WMT2025 Shared Task is a comprehensive evaluation campaign that benchmarks state-of-the-art MT systems using multilingual data, advanced neural architectures, and innovative evaluation metrics.
The task employs techniques like transformer-based deep architectures, bidirectional training, and data diversification to push the boundaries of translation quality and system stability.
Submissions demonstrated high BLEU and COMET scores through integrated LLM-based learning and post-decoding methods, while also highlighting challenges in metric bias and contextual evaluation.

The WMT2025 Shared Task refers to the annual General Machine Translation (MT) evaluation campaign organized as part of the Conference on Machine Translation (WMT), focusing on benchmarking and advancing state-of-the-art MT systems across multiple language pairs, especially emphasizing multilingual and low-resource directions.

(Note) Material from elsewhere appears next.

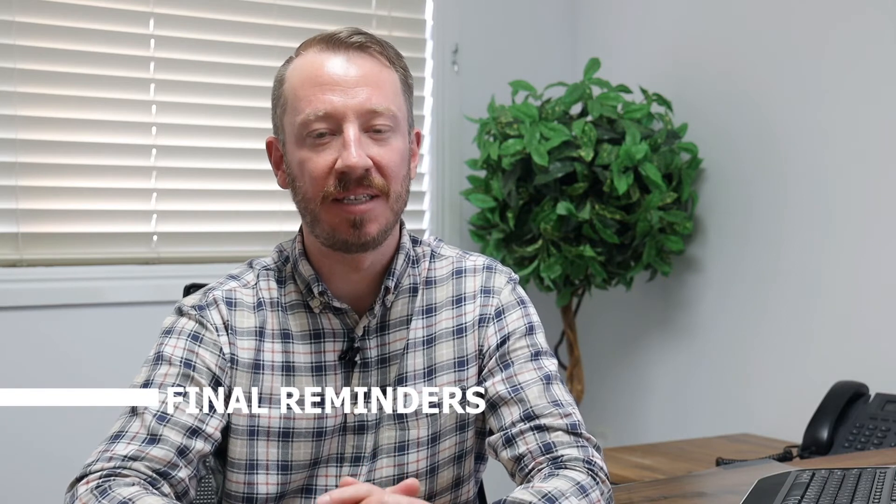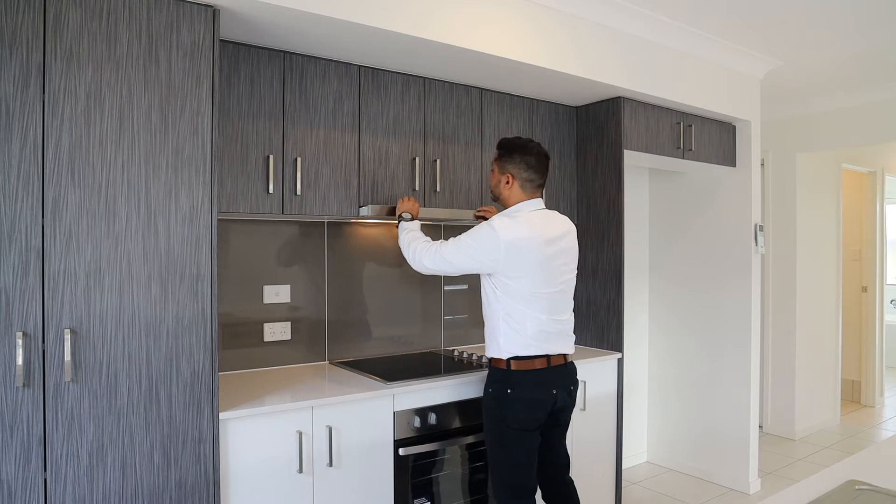Before I say goodbye for today, if you haven't already, don't forget to provide your bank details for remittance of your rental income, and a copy of your landlord insurance certificate of currency. It's also a legal requirement for the smoke alarms at your property to be checked for compliance before your tenants move in, even if your property is brand new.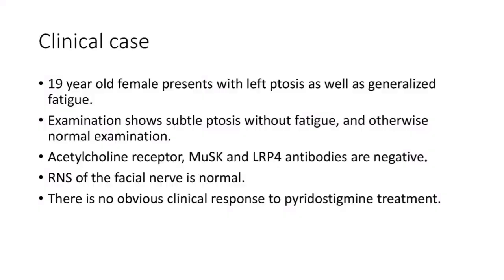This is Dr. Goyal and today we will be discussing single fiber EMG with a concentric needle and we will be looking at a pair with normal jitter. We have a 19-year-old female that presents to our clinic with left ptosis as well as generalized fatigue.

The shared task involves submitting MT systems for evaluation—both through automatic metrics and human judgment—with an increasing emphasis on sophisticated training, adaptation, decoding, and evaluation techniques. The 2025 edition drew participation from a range of academic labs and industrial AI groups, with systems reflecting the integration of Transformer architectures, LLM-based translation, advanced adaptation methods, and post-decoding strategies.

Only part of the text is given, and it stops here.